Developed an iterative semantic crowdsourcing knowledge acquisition strategy to build a taxonomy of music, theater, and sporting events for the events sold by an online ticket service, and to classify the individual events into the appropriate taxonomy category. Existing ticket inventory data was used to generate questions about categories of music, theater, and sporting events, and classify individual events into these categories using the AWS Mechanical Turk API. This API allows developers and knowledge engineers to ask specific questions of users in return for micro-payments and retrieve the answers.

In our strategy, several different questions and question formats were asked in an iterative fashion to incrementally build and refine the knowledge base. Questions ranged from broad questions such as naming 5 categories of music, to more specific questions such as classifying an individual performer or group into a category. In the earlier stages, questions were open ended, allowing a free text answer. In later stages, questions were of a more multiple choice style, allowing the user to select from a set of existing values or categories. This was performed iteratively, with the answers from the early stages used to construct more targeted questions in the later stages and incrementally build up the vocabulary and taxonomy. The same question was asked to multiple users to allow statistical techniques to compute averages, filter results ensuring quality, and collaboratively achieve consensus.

In the end, this process created a taxonomy of thousands of items. In previous projects, this sort of undertaking often took weeks or months at significant cost.

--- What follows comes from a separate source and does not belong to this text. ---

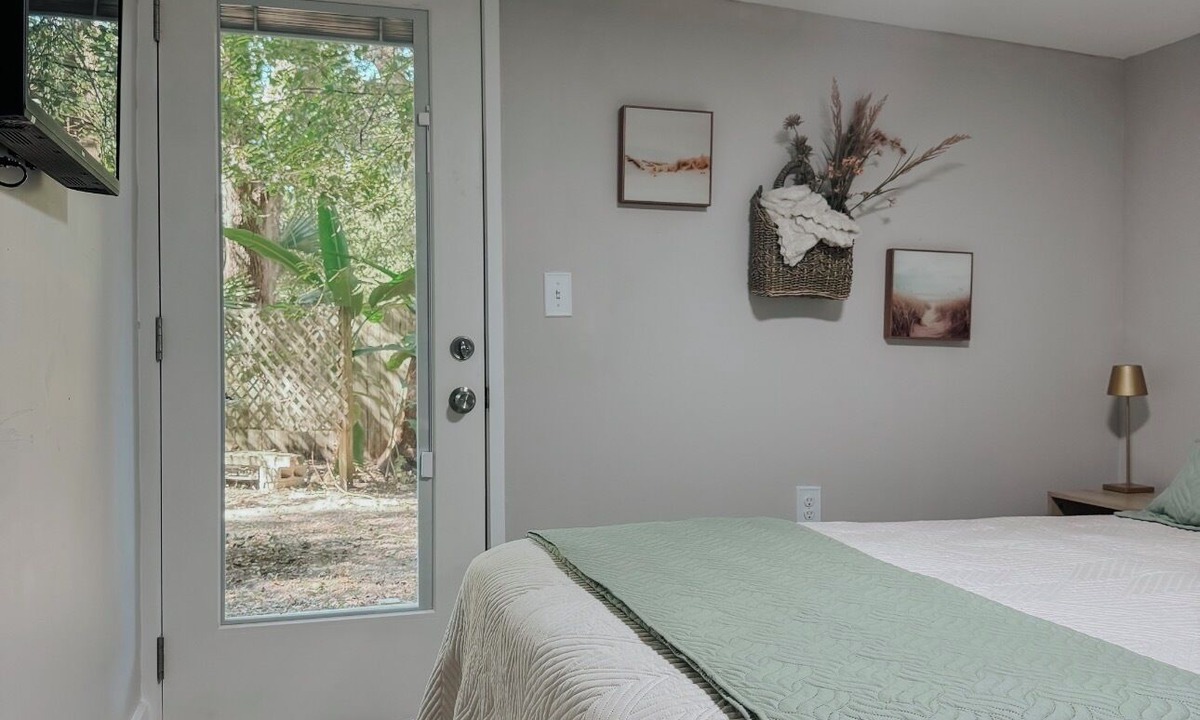 Northwest Pensacola Apartment | Cozy Apartment Near Downtown and Pensacola NAS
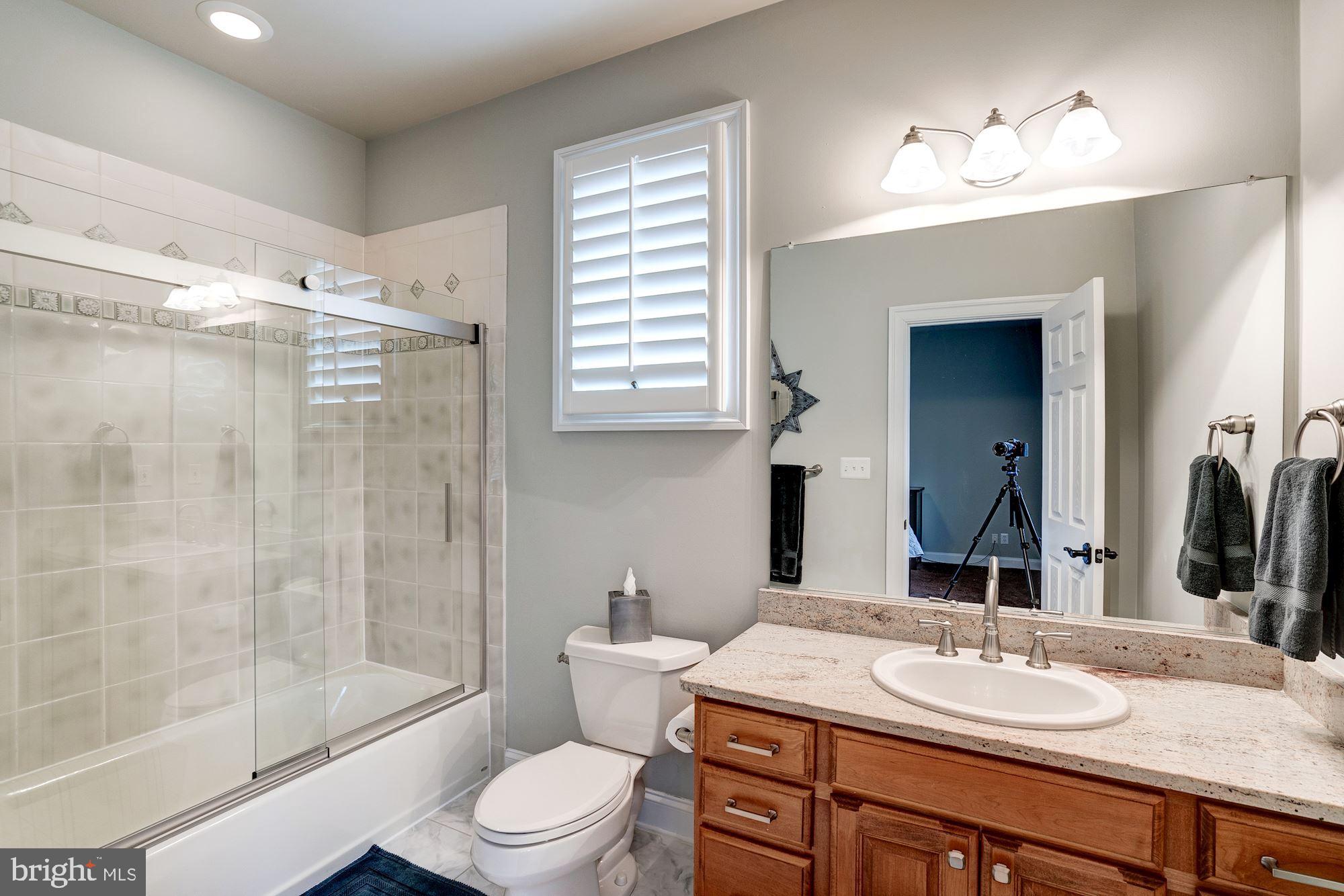 THE ENGLISH HILLS - Residential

This approach ended up being completed in a weekend for less than $100 in micro-payments, arguably achieving superior results since the resulting taxonomy and individual classifications reflected the consensus view of the mental models of a large set of individuals representative of actual customers.

TicketsNow (Division of Ticketmaster)

Developed adaptive search engine for online ticket service. This search engine analyzes search history to determine the actual search terms that users have used in previous searches and which item they selected from the resulting search results, in order to learn the relationship between search terms and target products. In this way, we were able to learn how customers think about products in their own words and return the exact items that they are looking for when they use such queries. Furthermore, such an adaptive approach improves as it is used and can learn new associations as new products are added. This approach was subsequently used in other ecommerce projects such as Bio-Rad where it compared favorably to commercial search engines.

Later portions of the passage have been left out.